Quels enseignements tirer de cette jurisprudence ?

C’est une question qui fait débat depuis quelques années, toutes les chambres de la Cour de cassation n’étant pas sur la même longueur d’ondes.

Appliquant le principe général « Actioni non natae non currit praescriptio », la 3ème chambre refuse ainsi de poser un délai butoir - de 10 ans dans le cas présent, mais de 5 ans désormais - au-delà duquel l’entrepreneur supporterait seul les défauts de fabrication de matériaux qu’il installe chez des clients.

C’est évidemment protecteur de l’entreprise et des constructeurs en général, mais le pendant d’une telle jurisprudence est moins positif pour les fabricants, qui voient alors leur responsabilité susceptible d’être engagée très longtemps après la vente.

C’est une décision de cassation qui « sanctionne » une interprétation des textes de loi de manière tranchée, mais c’est une décision qui n’est pas publiée au Bulletin de la Cour…

Difficile de déterminer dans ces conditions quelle importance il convient de lui donner et quel impact va avoir cet arrêt qui tranche avec la jurisprudence très récente d’autres chambre de la Haute Cour.

Cet arrêt de la 3ème chambre civile - la chambre de l’immobilier et de la construction - est en effet contradiction avec de très récents arrêts de la 1ère chambre civile et de la chambre commerciale.

La 1ère chambre civile, dans un arrêt du 6 juin 2018 publié au Bulletin, a tranché en faveur de la conception opposée à l’adage « Actioni non natae » susvisé, et considère que la période d’épreuve du bon fonctionnement d’un produit ou d’une chose doit avoir un terme raisonnable.
Elle a jugé prescrite l’action formée par un acquéreur final contre le fabricant dans le délai de l’article 1648 du code civil, mais 8 ans après l’expiration du délai décennale de l’article L. 110-4 du code de commerce.

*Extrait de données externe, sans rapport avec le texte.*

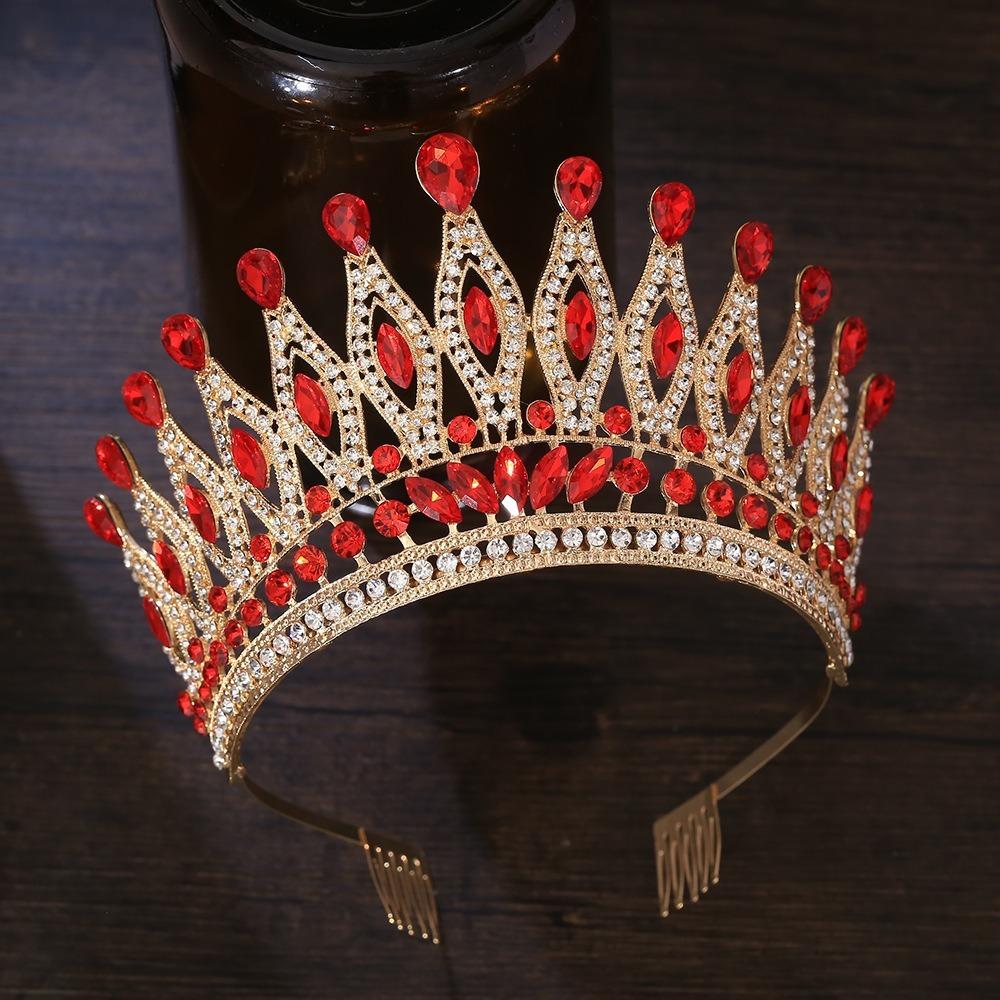 Baroque Queen Crystal Crowns With Comb Bride Headdress Luxury Crystal Princess Crown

La 1ère chambre a jugé que l’acheteur final ne pouvait avoir plus de droit que l’acheteur initial, même s’il découvre tardivement les vices de la chose achetée.

La chambre commerciale, dans le cadre d’une affaire proche de celle étudiée ici, a jugé le 16 janvier 2019 que l’action récursoire était irrecevable car L’action en garantie des vices cachés n’avait pas été introduite dans le délai de la prescription de l’article L. 110-4 du code de commerce.
C’est un « revirement » pour la chambre commerciale qui statuait jusqu’ici en sens inverse.

Il était attendu que la 3ème chambre civile suive le chemin emprunté plus tôt par la 1ère chambre (comme l’a fait plus tard la chambre commerciale)… ce n’est pas le cas.
La question est de savoir si elle résistera ou si elle se rangera à la jurisprudence désormais « majoritaire ».